18 books14 followers
Tobias Schneebaum was an American artist, anthropologist, and AIDS activist. He is best known for his experiences living, and traveling among the Harakmbut people of Peru, and the Asmat people of Papua, Western New Guinea, Indonesia then known as Irian Jaya.He was born on Manhattan's Lower East Side and grew up in Brooklyn. In 1939 he graduated from the Stuyvesant High School, moving on to the City College of New York, graduating in 1943 after having majored in mathematics and art. During World War II he served as a radar repairman in the U.S. Army.
Travels

In 1947, after briefly studying painting with Rufino Tamayo at the Brooklyn Museum of Art, Schneebaum went to live and paint in Mexico for three years, living among the Lakadone tribe. In 1955 he won a Fulbright fellowship to travel and paint in Peru. After hitch-hiking from New York to Peru, he lived with the Harakmbut people for seven months, where he slept with his male subjects and claimed to have joined the tribe in cannibalism on one occasion.

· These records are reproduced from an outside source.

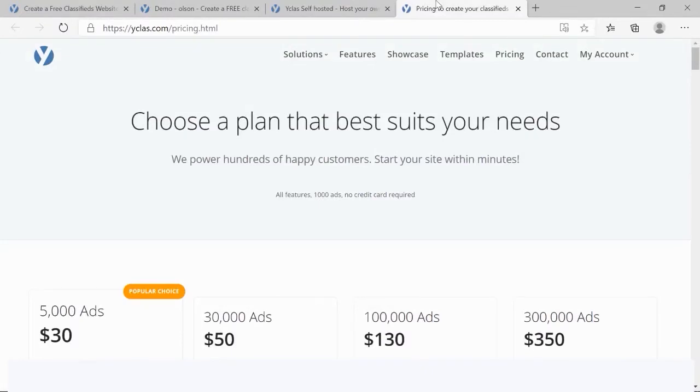Y-Class Cloud is a turnkey solution designed for people who have no coding skills or programming knowledge. There is no need to worry about hosting, installation, and updates. What are we waiting for? Let's get started now.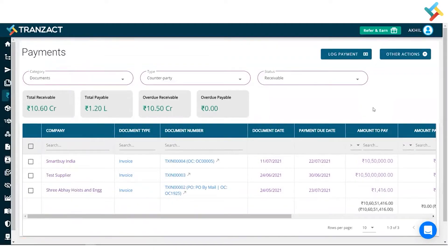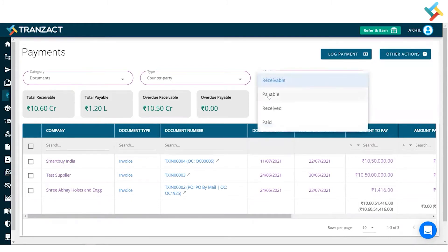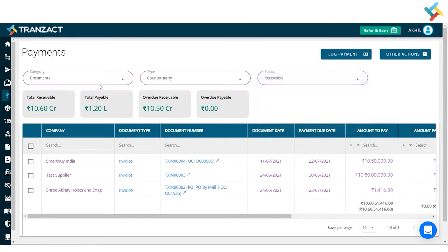Once I click on the Payments module, this is the payment dashboard that opens. On the right-hand side you can see the status: receivable, received, and paid. Receivable is the amount created through sales invoices, and payable is the amount created through purchase invoices.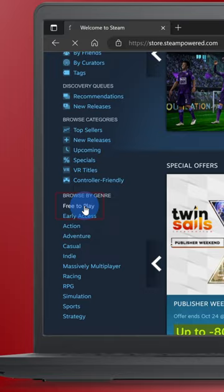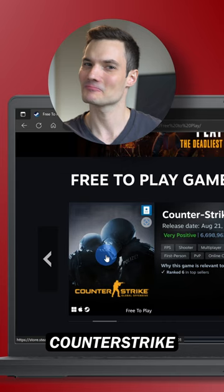Here you see all of the free-to-play games. One of my favorites, Counter-Strike. It's a classic.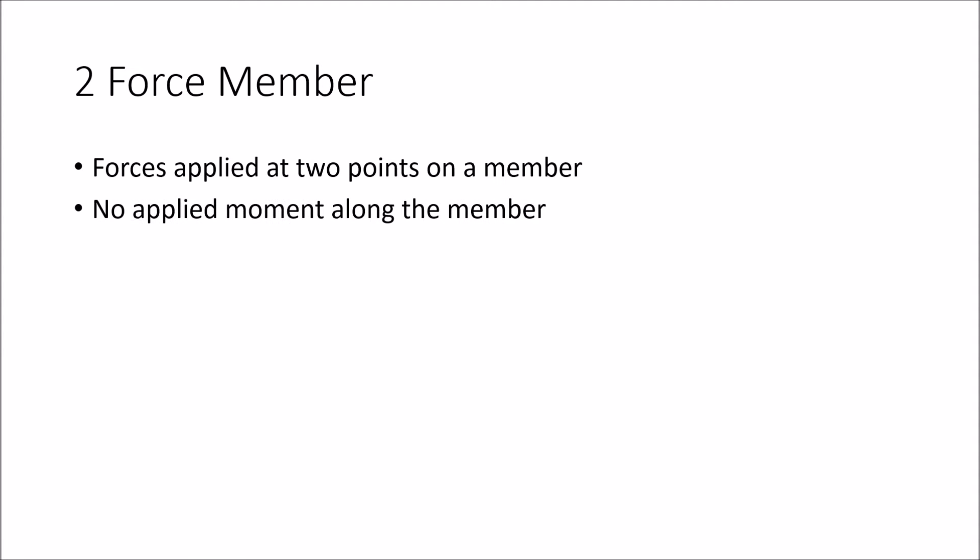There can be no applied moment along the member. This is saying that there can't be any kind of torque on the member because this will alter the amount or the direction of the force.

Until 1970 he was the designer at Tiber Press, then in 1973 he embarked on his third overseas trip, to Irian Jaya in South East Asia, living with the Asmat people on the south-western coast. He helped establish the Asmat Museum of Culture and Progress. Schneebaum would return there in 1995 to revisit a former lover, named Aipit. He recounted his journey into the jungles of Peru in the 1961 memoir Keep the River on Your Right. In 1999, he revisited both Irian Jaya and Peru for a documentary film, also titled Keep the River on Your Right.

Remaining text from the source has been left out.